The Eternal Flower Beggar King Chapter 43 — Enlightenment
The spring winds of the year of Musin still carried the last traces of winter.
Swish. Swish.
Jinhwa moved the broom. The steady sound cut through the blue-gray stillness of dawn. The pain in his side had shifted from a sharp scream to a dull throb. A deep breath still brought a needle-like sting, but when he thought of it as proof that he was alive, it became bearable.
When the yard was swept, he drew water. He no longer filled the bucket to the brim the way he used to. He filled it only halfway — just enough that it would not slosh. Two trips would do the job.
'Don't rush.'
Jang Ikho's words — no, the lesson that his last failure had carved into his bones — circled in his ears. Haste had brought ruin. Because he had wanted to succeed quickly, because he had wanted to prove himself quickly, he had poured in everything he had. And the result had been destruction.
Jinhwa set the bucket down in the kitchen and wiped the sweat from his brow.
Creeeak.
The inn door opened, and the morning's first customers began drifting in. Jinhwa set the broom aside and bowed.
"Welcome."
Below his lowered gaze, he saw their shoes. Mud-caked straw sandals. Worn leather shoes. Their steps were brisk. Everyone was hurrying somewhere. The world still flowed fast, and Jinhwa alone seemed to have stopped — a stone fixed in a rushing current.
But he was not anxious. He had learned, at bitter cost, that now was the time to be still.
The lunch rush had ended and the customers had ebbed away like a tide. Only the drowsy afternoon sun and the lingering smell of food drifted through the inn.
Jinhwa was clearing the empty tables. He was loading bowls crusted with dried gukbap broth onto a tray when something caught his eye beneath the leg of a corner table.
A worn old book.
The cover was frayed and tattered, and the pages had yellowed with age.
'A customer must have left it behind.'
Jinhwa picked it up. He brushed off the dust and read the cover.
"Yeonhae Japyeong" (淵海子平)
An unfamiliar title. It was not a martial arts manual, nor a medical text. Curiosity drew him to turn the pages. They were packed with terms he did not recognize. Gap, eul, byeong, jeong… ja, chuk, in, myo…
'Is this… a saju book?'
Jinhwa looked up and glanced outside. The customer who had just left had already vanished into the crowd. He had been an old man wearing a straw hat — shabby in appearance, but with eyes as clear and deep as a well.
Jinhwa brought the book to Jang Ikho.
"Sir, a customer left this behind."
Jang Ikho glanced up from his ledger, gave the book a brief look, and shook his head.
"He'll be long gone by now.

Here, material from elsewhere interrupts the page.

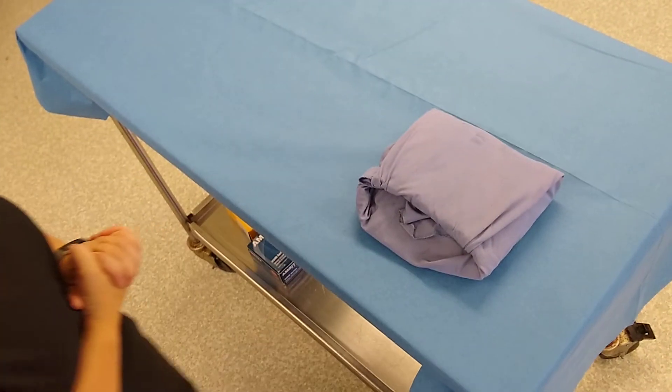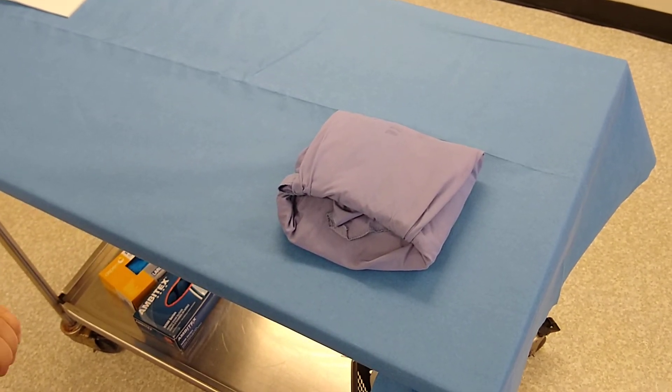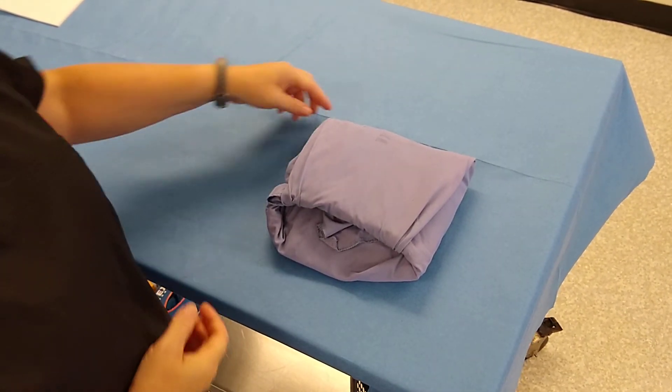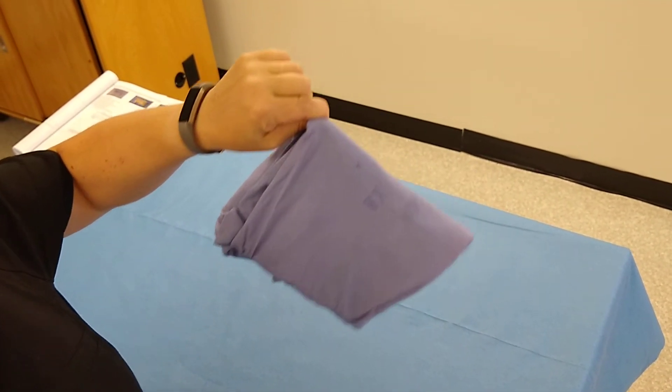Now, some people say to check if your pack is wrapped tight enough you throw it against the wall — that's really a no-no because you'll break your instruments. But if you really want to check it, pick it up by one of the corners and shake it. If it doesn't come undone, you have it wrapped tight enough.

That old man barely scraped together the money for his meal. I doubt he'll come back for it."
"What should I do with it?"
"Throw it out, or keep it and read it yourself. You've always liked books."
Jinhwa held the book to his chest. The smell of old paper pulled at something inside him. As though the book had been waiting for him.
That night.
The day's hard work behind him, Jinhwa lit a candle in his cramped room. The ache in his side kept sleep at bay. He took out the Yeonhae Japyeong.

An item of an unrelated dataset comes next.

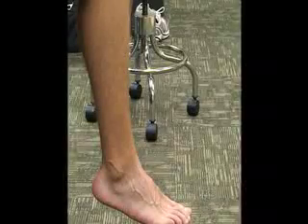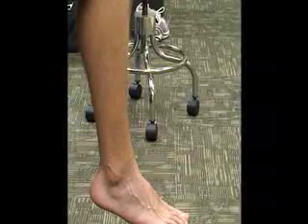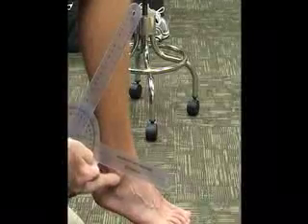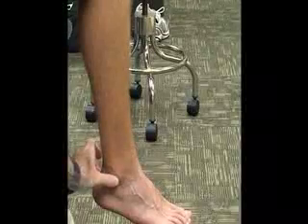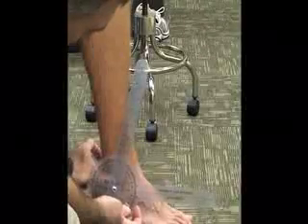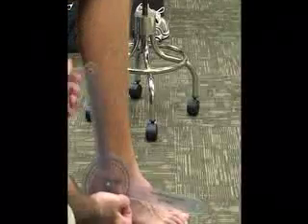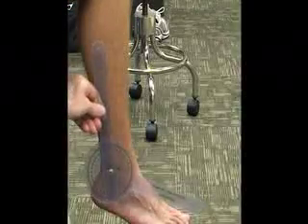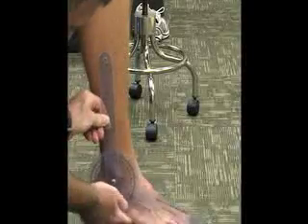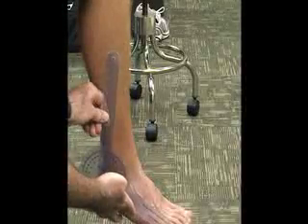We can also ask him to stabilize his knee so he can hold his knee to help us out. For this one, we're going to use a large goniometer and we're going to find our lateral malleolus — the midpoint of that is going to be our fulcrum. Our stationary arm is going to go up along the fibula, and the moving arm is going to be in line with the fifth metatarsal, just parallel to that.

He opened to the first page.
A person's fate is set by Heaven, and fortune follows the season. Trees sprout in spring. Fire blazes in summer. Metal hardens in autumn. Water flows in winter.
Jinhwa's eyes traced the characters. The Five Elements. Wood, fire, earth, metal, water. The instant he read them, a memory flashed through his mind like lightning.
Fifteen years ago. The white-haired fortune teller at the Cheongpung-jin market. A small child of five, standing before the old man, holding his mother's hand.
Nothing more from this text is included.